Finkbeiner says he won't seek re-election
Seattle Times Olympia bureau
OLYMPIA — State Sen. Bill Finkbeiner, a former Senate Republican leader who provided the crucial vote needed to pass a gay-rights bill earlier this year, will not run for re-election.
The surprise move, announced Thursday, puts the Eastside 45th District up for grabs. The district includes rural parts of King County as well as more urban areas such as Redmond and Kirkland.
"That's terrible, terrible news for the Republicans," said Chris Vance, a former chairman of the state Republican Party, who stepped down in January.
"Bill Finkbeiner ... demonstrated the ability to get elected over and over again by comfortable margins in a suburban district, and those are in short supply in the Republican Party right now," he said.

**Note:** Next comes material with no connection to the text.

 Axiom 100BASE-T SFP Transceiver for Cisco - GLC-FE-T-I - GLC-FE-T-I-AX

Republicans are now banking on Rep. Toby Nixon, R-Kirkland, to win Finkbeiner's seat. Nixon quickly announced Thursday that he is running for Finkbeiner's old job.
Finkbeiner, R-Kirkland, was elected to the state House in 1992 and to the Senate in 1994. He served as the Senate majority leader in 2004 when the Republicans controlled the Senate. Democrats regained control the next session. Finkbeiner resigned as the leader of his caucus late last year.

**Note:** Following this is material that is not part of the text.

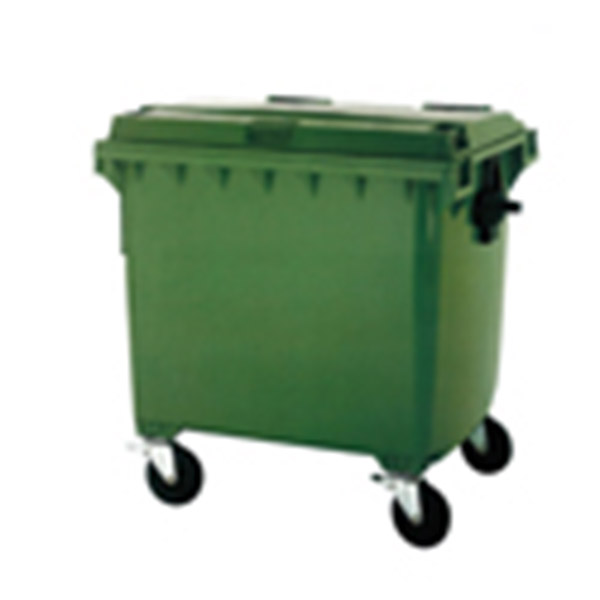 1000公升-資源回收拖桶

Finkbeiner said he is leaving the Legislature to spend more time with his family, and on other pursuits. He works as a property manager and is earning a master's degree in business administration at the University of Washington.
"I enjoy the people and the issues, but I've been doing it for 14 years and I'm at the point in my life where I'm getting a little older," said Finkbeiner, 36. "It's time for me to try something new."
Senate Majority Leader Lisa Brown, D-Spokane, said she is sorry to see Finkbeiner leave, but noted it creates an opportunity for Democrats to take his seat. Her party holds a 26-23 majority in the Senate. It wants to increase it this election.
"That's a district that Democrats have won and could win," Brown said. Democratic candidate Eric Oemig of Kirkland is already running for Finkbeiner's seat, she said, "and there may be another one."
District 45 is considered a swing district. Although 53 percent of the district voters went for GOP gubernatorial candidate Dino Rossi in the 2004 election, an equal proportion voted for Democratic presidential candidate John Kerry.
Senate Republican Leader Mike Hewitt, R-Walla Walla, said he is confident of retaining the seat, although he noted: "It's a defensive [election] cycle for us. There's no secret about it. My goal is to maintain everything I have this year."
Hewitt said he didn't try to talk Finkbeiner out of his decision. "When someone says their priority is their family, it's pretty self-serving to try and talk them into staying for other reasons," Hewitt said.
Nixon said that after Finkbeiner voted for House Bill 2661, which bans discrimination against gays and lesbians, people urged him to run against Finkbeiner in the Republican primary this year. Nixon said that he refused, but that he told people he would run if Finkbeiner decided to leave the Legislature.
Finkbeiner said his vote on the bill did not play into his decision to leave the Senate.
"I was really reinforced that I did the right thing after talking to folks since I took that vote. I got a lot more positive feedback than I got negative," he said. "It was a vote I feel good about."
Democrats spent almost 30 years pushing the gay-rights measure but were repeatedly blocked by Senate Republicans. Finkbeiner's decision this year to back the measure gave Democrats the cushion they needed to pass it into law.